Thursday, June 22

Those who need Driver Training

Normally young people are the most logical candidates for driving lessons from a driver’s school. An older friend taught me how to drive when I was coming out of high school, but when he thought I was ready for my driver’s test he recommended I take some commercial driver school training. I took three hours, went for the test and aced it. 

There are exceptions. My mother and an uncle learned to drive when they were in their fifties and each learned under the guidance of driver’s school instructors.  My mother got her license but never drove. My uncle got his, bought a car and enjoyed the experience which came to him late in life.  

There is another identifiable group of people who will undoubtedly benefit from a licensed driver’s school - government executives at all levels who enjoy the luxury of chauffeurs and government cars during their service. For many years in some cases, they are ferried everywhere and then one day they are on their own. 

A reliable and knowledgeable source told me Mrs.
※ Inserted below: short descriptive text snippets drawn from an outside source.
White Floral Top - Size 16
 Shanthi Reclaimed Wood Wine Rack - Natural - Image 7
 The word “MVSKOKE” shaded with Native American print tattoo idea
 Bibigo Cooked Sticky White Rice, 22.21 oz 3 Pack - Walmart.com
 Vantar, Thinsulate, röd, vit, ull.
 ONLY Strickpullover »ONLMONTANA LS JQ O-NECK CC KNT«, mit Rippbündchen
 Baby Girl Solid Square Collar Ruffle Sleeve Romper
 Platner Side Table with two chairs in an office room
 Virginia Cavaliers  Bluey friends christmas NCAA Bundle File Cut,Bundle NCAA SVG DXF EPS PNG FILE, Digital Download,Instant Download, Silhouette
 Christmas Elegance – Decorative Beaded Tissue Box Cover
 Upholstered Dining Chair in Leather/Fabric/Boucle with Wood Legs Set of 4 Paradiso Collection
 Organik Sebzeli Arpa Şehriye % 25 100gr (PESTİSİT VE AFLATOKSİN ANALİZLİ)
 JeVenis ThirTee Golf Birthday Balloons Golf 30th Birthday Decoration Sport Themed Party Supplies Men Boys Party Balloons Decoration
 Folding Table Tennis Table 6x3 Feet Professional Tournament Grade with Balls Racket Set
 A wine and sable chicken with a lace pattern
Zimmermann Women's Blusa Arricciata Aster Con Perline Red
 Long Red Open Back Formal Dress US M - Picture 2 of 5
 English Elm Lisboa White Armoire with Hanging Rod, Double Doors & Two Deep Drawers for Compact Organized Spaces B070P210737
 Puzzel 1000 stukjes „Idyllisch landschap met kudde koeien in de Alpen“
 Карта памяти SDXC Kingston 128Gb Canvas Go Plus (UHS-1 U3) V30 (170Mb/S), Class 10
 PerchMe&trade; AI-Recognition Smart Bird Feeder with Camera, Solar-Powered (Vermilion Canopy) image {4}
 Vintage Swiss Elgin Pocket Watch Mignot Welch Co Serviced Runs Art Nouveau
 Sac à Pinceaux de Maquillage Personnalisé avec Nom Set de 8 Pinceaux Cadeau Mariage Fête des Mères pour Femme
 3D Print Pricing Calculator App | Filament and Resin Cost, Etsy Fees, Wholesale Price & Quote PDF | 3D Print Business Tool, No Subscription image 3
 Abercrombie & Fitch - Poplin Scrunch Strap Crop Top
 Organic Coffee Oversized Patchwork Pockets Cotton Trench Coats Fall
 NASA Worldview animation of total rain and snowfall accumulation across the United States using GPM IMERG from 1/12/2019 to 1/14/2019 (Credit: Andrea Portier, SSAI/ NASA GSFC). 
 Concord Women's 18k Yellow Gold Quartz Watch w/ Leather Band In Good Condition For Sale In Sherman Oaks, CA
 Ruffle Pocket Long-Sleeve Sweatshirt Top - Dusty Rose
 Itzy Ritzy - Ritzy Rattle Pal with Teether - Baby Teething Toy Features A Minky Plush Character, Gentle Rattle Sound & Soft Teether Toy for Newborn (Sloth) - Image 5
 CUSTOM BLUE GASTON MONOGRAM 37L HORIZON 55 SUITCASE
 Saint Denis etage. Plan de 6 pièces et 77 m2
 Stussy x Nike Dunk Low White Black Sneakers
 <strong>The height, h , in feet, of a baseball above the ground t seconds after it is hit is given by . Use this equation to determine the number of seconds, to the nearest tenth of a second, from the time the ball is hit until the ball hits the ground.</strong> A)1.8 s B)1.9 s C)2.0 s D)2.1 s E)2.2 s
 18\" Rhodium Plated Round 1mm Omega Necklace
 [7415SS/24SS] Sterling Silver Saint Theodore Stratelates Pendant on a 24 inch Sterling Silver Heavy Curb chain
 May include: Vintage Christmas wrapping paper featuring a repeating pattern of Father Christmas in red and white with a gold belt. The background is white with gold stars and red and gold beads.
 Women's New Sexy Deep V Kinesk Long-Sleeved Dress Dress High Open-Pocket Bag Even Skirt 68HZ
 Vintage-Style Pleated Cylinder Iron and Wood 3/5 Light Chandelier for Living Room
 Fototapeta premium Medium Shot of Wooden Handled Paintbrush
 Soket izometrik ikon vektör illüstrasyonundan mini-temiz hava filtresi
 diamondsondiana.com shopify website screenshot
Robert Mueller said when her husband left the FBI after 12 years, “The first thing we are going to do is get him some driving lessons. I’m not riding with him and the grandkids aren’t either.”

In 1975, Joseph L. Schott, a former FBI agent, wrote “No Left Turns” in which he told the story of J. Edgar Hoover riding in a chauffeured bureau car in Texas, and while making a left turn the car was almost hit by an oncoming vehicle. After Hoover returned to Washington, the Bureau sent out a notice to all Field Offices that when chauffeuring the director there was to be “no left turns.” 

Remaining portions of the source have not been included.